Lynch contacted buyers who had placed orders and by Sunday a constant stream of trucks had opened up 100,000 bushels of storage. Some of the corn went to the ethanol plant in Garnett, more was hauled to the huge poultry operations in Arkansas.
“We took in 20,000 bushels of beans Sunday afternoon and probably will have that much brought in today (Monday) before we shut down about 7 o’clock,” he said.
Newly available storage will be slow to refill, though.
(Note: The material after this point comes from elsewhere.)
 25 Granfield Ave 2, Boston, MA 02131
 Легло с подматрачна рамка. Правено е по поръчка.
Both grains are being hauled from the elevator while farmers are bringing in beans.
He estimated the area’s corn yield may be as high as 110 bushels an acre.
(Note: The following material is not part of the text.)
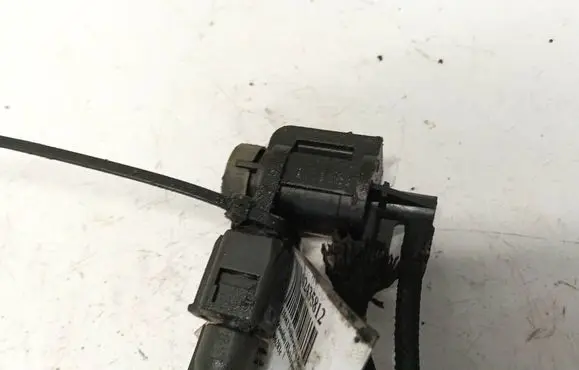 Volkswagen Bora Turbo solenoid valve 1j0906283c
First-of-harvest prices fetched a discouraging $3.50 a bushel.
But after the federal government decreased the national corn harvest estimate by four bushels an acre, the price soared to over $5 locally.
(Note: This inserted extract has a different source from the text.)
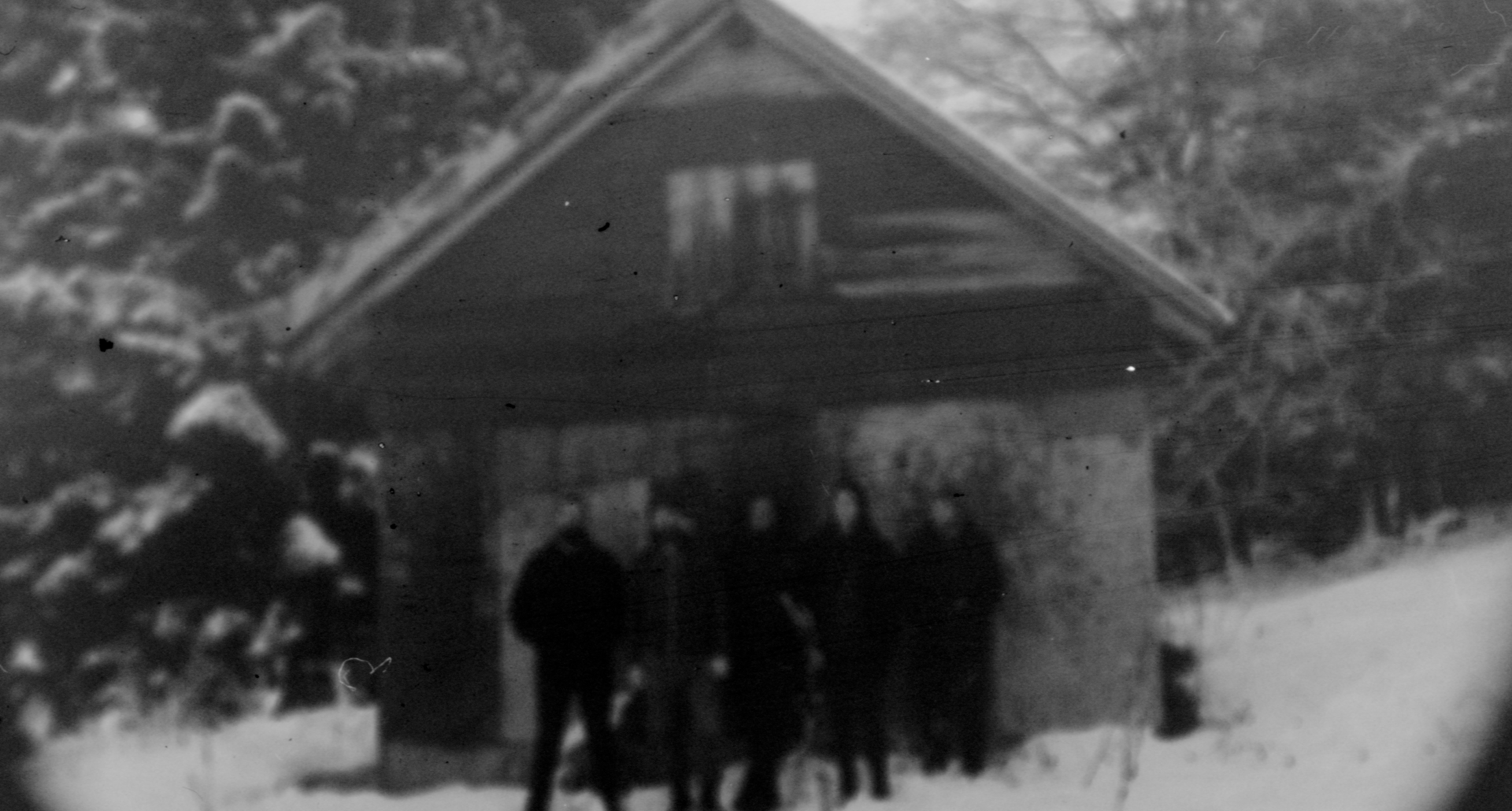 CINÉ-CONCERT 2300 PLAN 9: YRRE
The new estimate coupled with yield hurt by wet weather turned the trick, Lynch said.
“We’re paying $4.93 today (Monday) and have bid $5.10 for December corn,” or what farmers will contract to sell six weeks from now when consumption eats into supplies, he said.
Meanwhile, beans are fetching a little over $11 a bushel, which takes some of the sting out of yields that were hurt by weather that turned so hot in August that blooms fell from plants before they could develop into pods.
“Beans have had a lot of stress this year,” Lynch said.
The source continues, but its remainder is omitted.